Neben diesen teils optimistischen Faktenbetrachtungen muss man aber auch die Aufgabenstellung dieser Website betrachten, die von mir anspruchsvoll als Bühne von und für Zeitzeugen angedacht worden war. Wir sind Zeitzeugen! Und wir werden, wie in diesen Jahren an den “Wenigen, die was davon erkannt” und die die KZs noch erlebt und überlebt haben, wieder sichtbar, auch weniger werden. Das ist biologische Auslese, da kann man nichts machen. Wir “dicken alten weißen Männer” sterben aus. So einfach ist das, aber auch so diskriminierend, denn es wird da vor allem in den so genannten sozialen Netzen transportiert, dass “wir” an allem Schuld sind, vor allem an Pegida, AfD und natürlich auch am Klimawandel. wir werden als Umweltsäue bezeichnet, die nicht gelernt haben und auch nichts mehr lernen werden. Trotz der Forderungen nach “lebenslangem Lernen” wird uns nachgesagt, dass wir aus einer anderen Welt vorzüglich der Verschwendung der Welt-Ressourcen
Wir, die Klasse der 56er, sind dennoch Zeitzeugen von Zeiten, die man heute kaum oder falsch erinnert. Das betrifft auch unsere Bildung, und das uns aufgegebene Bildungsideal, das humanistische nämlich. Es ist hier nicht der Platz, zu diesem so wichtigen Thema und der Verirrungen der heutigen Schulszene Stellung zu nehmen. Doch eines muss man sagen: diese heute unseren Enkels angebotene “Bildung” verdient diesen Namen nur noch angenähert und sieht sich vor allem nivelliert und einseitig dargeboten. Selbst die Qualität des Abis hat nachgelassen.Der Begriff Reife – wird der denn noch als oberstes Ziel gesehen? Reifezeugnis – nein danke.
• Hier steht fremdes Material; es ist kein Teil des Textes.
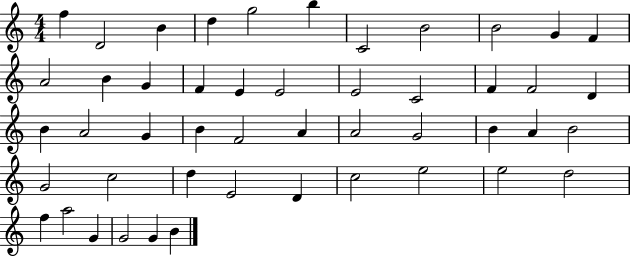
F5/q D4/h B4/q D5/q G5/h B5/q C4/h B4/h B4/h G4/q F4/q A4/h B4/q G4/q F4/q E4/q E4/h E4/h C4/h F4/q F4/h D4/q B4/q A4/h G4/q B4/q F4/h A4/q A4/h G4/h B4/q A4/q B4/h G4/h C5/h D5/q E4/h D4/q C5/h E5/h E5/h D5/h F5/q A5/h G4/q G4/h G4/q B4/q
Hier, auf unserer Website kann man, so dachte ich, über öffentliche aktuelle Themen diskutieren, wie etwa die Rolle von unseren Eltern, unsern Lehrern im Nazireich, und wie wir diese Eltern erlebt haben. Hier zeigte sich, dass einige unser Klassenkameraden sich sehr rege an den Diskussionen beteiligten, doch das Gros eben nicht. Das stört mich eigentlich nicht sehr, denn das aktive Mitteilen (s.o.) liegt uns Älteren eigentlich nicht mehr. Nicht allen liegt auch diese moderne Form der Diskussion, vielleicht auch das Thema selber… Sehr politisch waren wir alle nicht, damals. Immerhin ergab sich doch in diesen Diskussionen, dass unseren Eltern weniger Schuld zugemessen wurde wurde als gedacht. Und das obwohl die Welt heute weiß, dass das deutsche Volk mehr wußte als es später zugab. Verdrängung, Vergessen, mangelnde Verarbeitung, Scham, alles Gründe.
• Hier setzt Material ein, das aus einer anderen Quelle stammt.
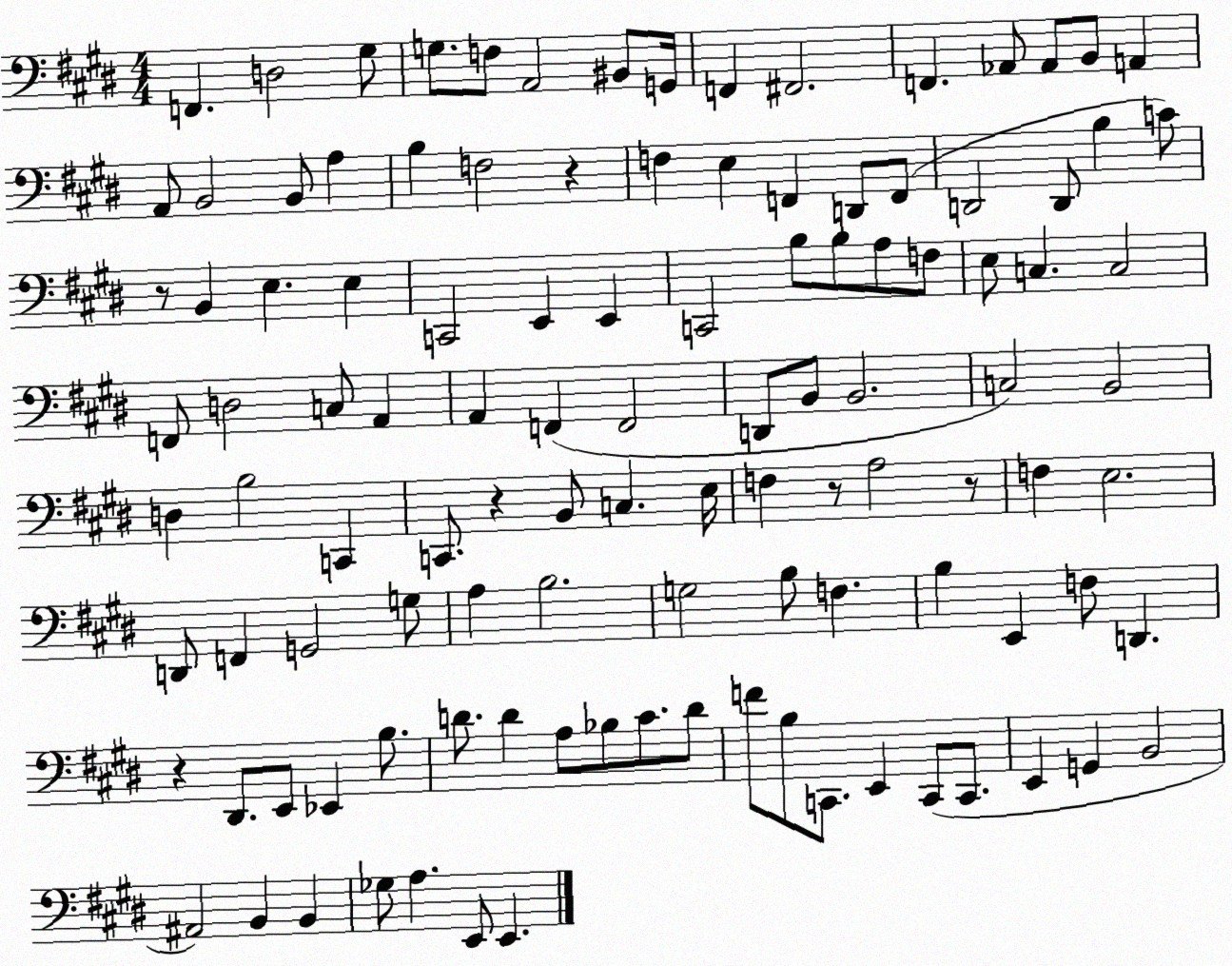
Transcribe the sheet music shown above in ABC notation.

X:1
T:Untitled
M:4/4
L:1/4
K:E
F,, D,2 ^G,/2 G,/2 F,/2 A,,2 ^B,,/2 G,,/4 F,, ^F,,2 F,, _A,,/2 _A,,/2 B,,/2 A,, A,,/2 B,,2 B,,/2 A, B, F,2 z F, E, F,, D,,/2 F,,/2 D,,2 D,,/2 B, C/2 z/2 B,, E, E, C,,2 E,, E,, C,,2 B,/2 B,/2 A,/2 F,/2 E,/2 C, C,2 F,,/2 D,2 C,/2 A,, A,, F,, F,,2 D,,/2 B,,/2 B,,2 C,2 B,,2 D, B,2 C,, C,,/2 z B,,/2 C, E,/4 F, z/2 A,2 z/2 F, E,2 D,,/2 F,, G,,2 G,/2 A, B,2 G,2 B,/2 F, B, E,, F,/2 D,, z ^D,,/2 E,,/2 _E,, B,/2 D/2 D A,/2 _B,/2 ^C/2 D/2 F/2 B,/2 C,,/2 E,, C,,/2 C,,/2 E,, G,, B,,2 ^A,,2 B,, B,, _G,/2 A, E,,/2 E,,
Der anderen Aufgabe, so eine Art musealer Standort zu sein, ist die Website sicher am meisten gerecht geworden. Ich freue mich immer wieder über die anerkennenden Worte mancher meiner Klassenkameraden, und ich freue mich auch selbst immer wieder über unseren Bilderpark, unseren Dokumentensilo und unsere Anekdotensammlung, unsere Lehrer-Website nicht zu vergessen. Hier liegen echte Schätze begraben.

Die erfreuliche, positive Rückantwort auf meine leider notwendige Aktion im Rahmend der DSVGO hat aber gezeigt, dass durchweg ein Interesse daran besteht, die Website wenigstens vorderhand, am Leben zu erhalten. Gut so!

Man muss auch überlegen, was mit all diesen Schätzen geschieht, wenn der Webmaster und die anderen, noch recht aktiven Kameraden unseres Beritts mal (in fernen Zeiten) “nicht mehr auf diesem Planeten weilen”. Da habe ich selber noch keine Vorstellung, was mich irgendwie rührt, aber nicht eigentlich umtreibt. Dennoch sind diese Überlegungen legitim, und Antworten nicht vorhanden…

Vielleicht sollte man jüngeren Angehörigen, z.B. Sohn oder Tochter – meist auch schon in die Jahre gekommen – einen Auftrag als Bewahrer geben?

Was hat sie, die Site, nun gebracht? Viel ist es nicht, aber genug, um sie weiter betreiben zu wollen!